> Dataset content
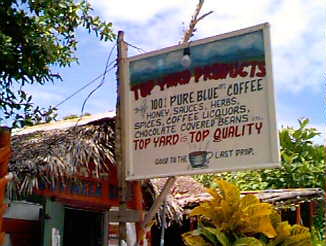 Top Yard Coffee at Serious Chicken across from Drumville Cove in Negril, Jamaica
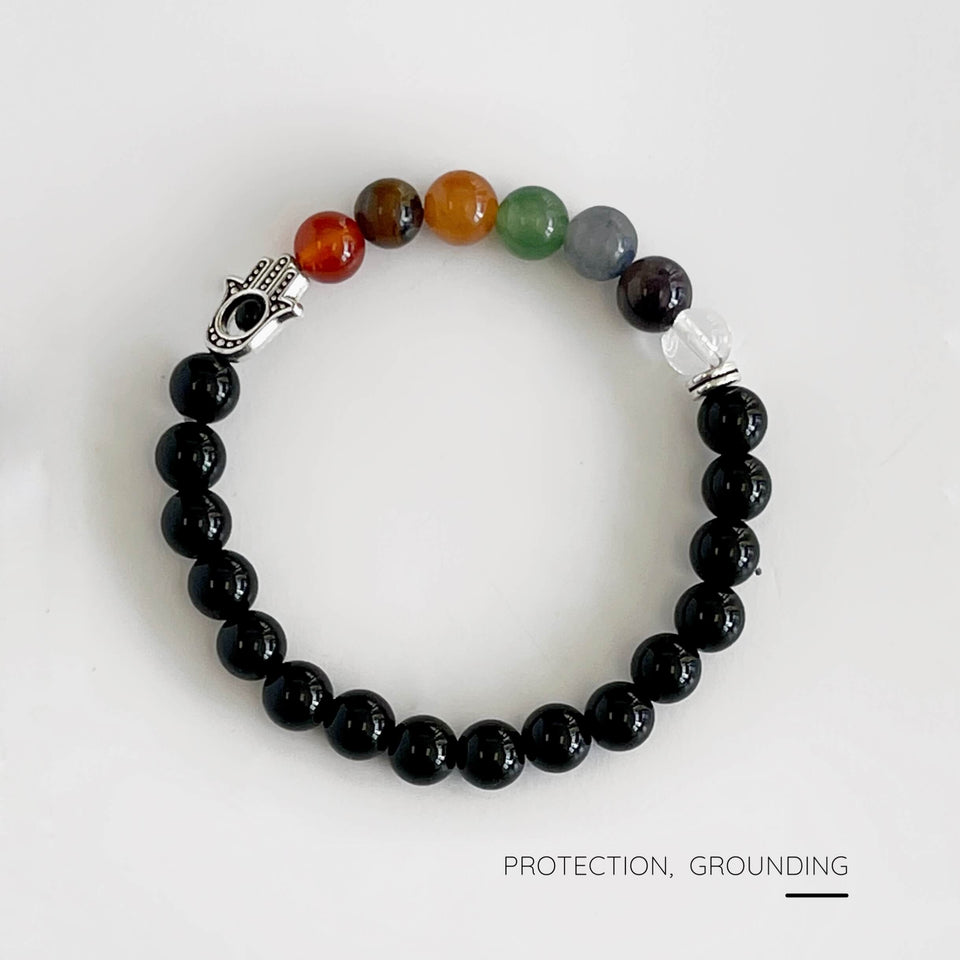 Healing Chakra Bead Bracelet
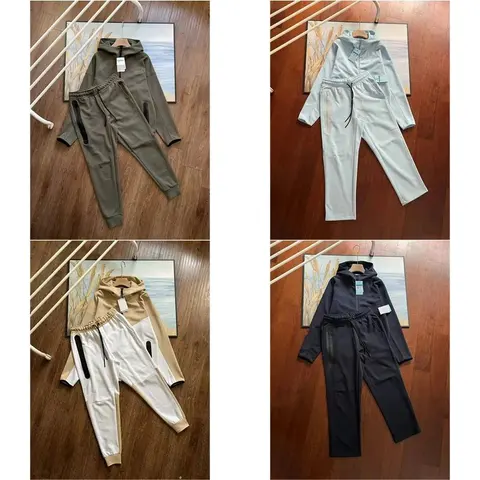 Women's Hooded Tracksuit Set - Casual Sweatshirt and Jogger Pants Collection
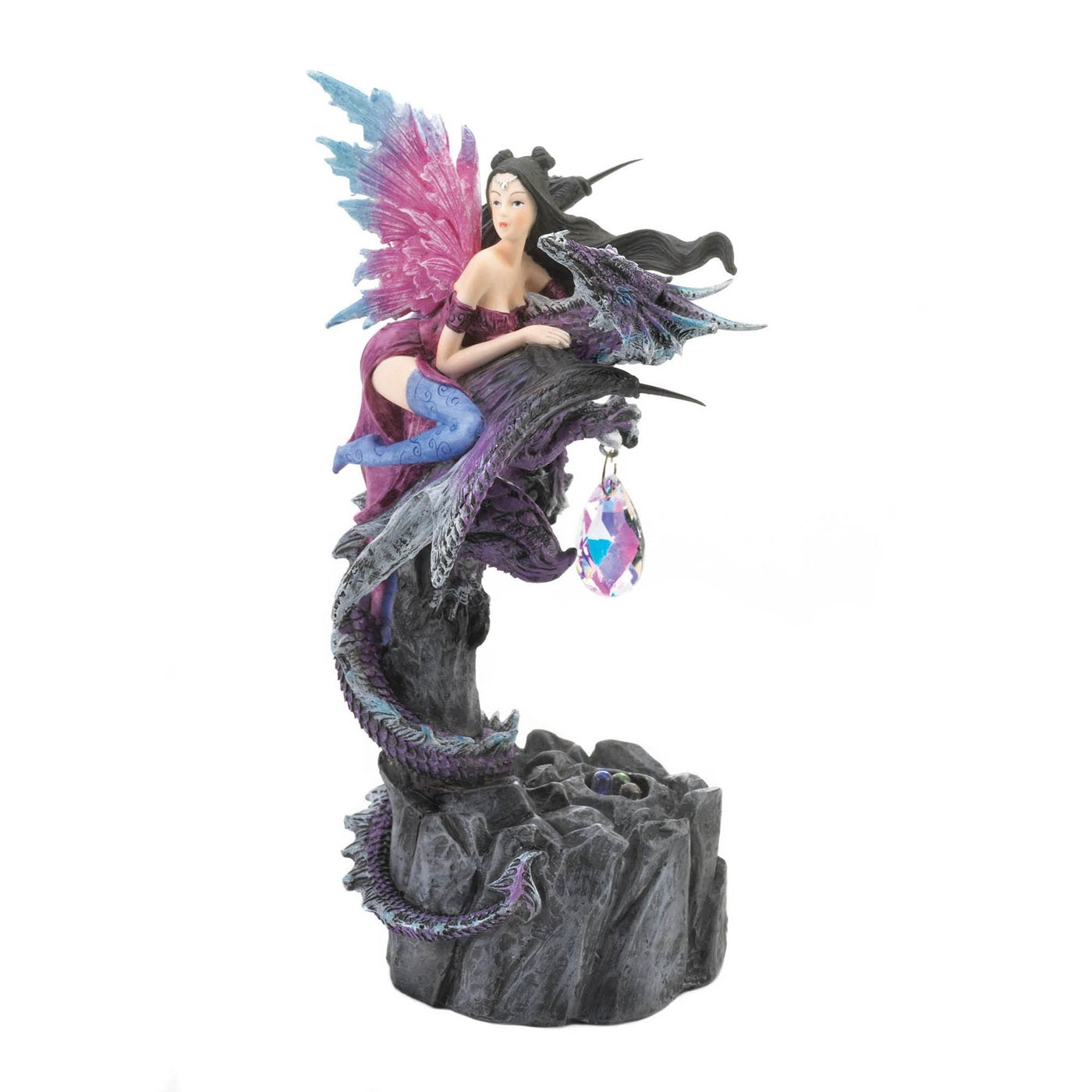 Light Up Fairy And Dragon Figurine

> Task statement
A word-for-word repeat of the lines from the line with "Healing Chakra Bead Bracelet" to the last line of the data, both ends included and pictures left out, is all that should appear.

> Answer section
 Healing Chakra Bead Bracelet
 Women's Hooded Tracksuit Set - Casual Sweatshirt and Jogger Pants Collection
 Light Up Fairy And Dragon Figurine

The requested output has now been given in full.